What Does Self-Service Security Do for AppSec?

  • DevOps teams with high levels of security integration are more than twice as likely to use self-service security and compliance validation
  • Only 25% of orgs with low security integration can remediate security vulnerabilities in one day

As organizations mature their DevSecOps practices, one of the key success factors bubbling up over all others is that self-service tooling is at the crux of effectively folding security into the development pipeline. The more self-service options and more mature the approach for delivering them to the DevOps cadre, the faster and more effective they are at fixing vulnerabilities and securely developing applications.

This was one of the major security takeaways from the 2020 State of DevOps report recently released by Puppet Labs, which found that:

The self-service offering of security and compliance validation is positively related to level of security integration. Those with full security integration are over twice as likely as those with no security integration to offer security and compliance validation as a self-service capability.

And security integration, the study explained, is the secret sauce for swiftly fixing security flaws in software. Among DevSec organizations with low security integration, just 25% can remediate vulnerabilities within a day. Meantime, among those with the highest level of security integration—with security checks included during requirements, design, building, testing, and deployment—45% can fix their flaws in 24 hours.

As the report detailed, integrating security across all five stages “is more than just shifting security checks to the left.” These organizations have fundamentally rethought their approach to how security staff interacts with DevOps teams, and how tools and validation are utilized. Fundamental to this rethink is the delivery of self-service tooling to DevOps teams. Organizations with the highest levels of integration are more than twice as likely to offer self-service security and compliance validation than those with low levels of security integration.

These offerings are often part of a broader push by high-maturity DevOps programs to provide a full range of operational self-service capabilities to developers through an internal platform approach. Internal platforms are often developed by a platform team that tends to the care and feeding of infrastructure, environments, deployment pipelines, and internal services that provide dev teams with what they need to build, deploy, and run their applications. The report found a strong tie between DevOps maturity and the use of internal platforms. The most mature firms were twice as likely as mid-level organizations to rely heavily on internal platforms, and six times more likely to lean on them than low-maturity orgs.

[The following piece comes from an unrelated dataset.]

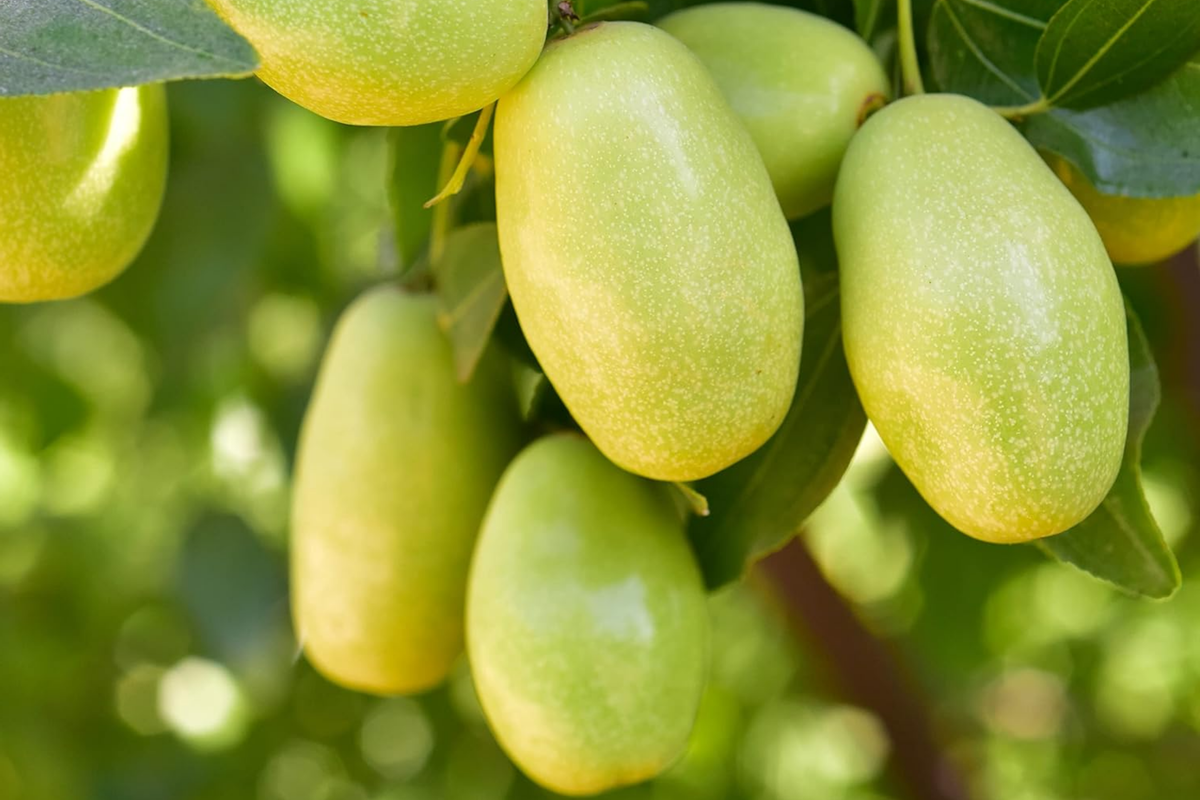 Jojoba Seeds 5pcs | Simmondsia chinensis - Drought-Tolerant Oil-Rich Seeds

A key component of these platforms is self-service functionality.

“The platform team provides an interface between the underlying infrastructure and tooling and the teams consuming those services, enabling application teams to focus on building their products instead of nitty-gritty implementation or operational details,” the report explains. “Self-service enables developers to work at their own pace without having to make requests and wait for fulfillment.”

Whether the services offered are for security or other functions, the report authors recommend that organizations remember that platforms are not one-and-done projects.

“Once you’ve assembled a platform team, commit to keeping it in place so they can continue to develop and improve the platform, meeting new organizational needs as they arise,” the report says.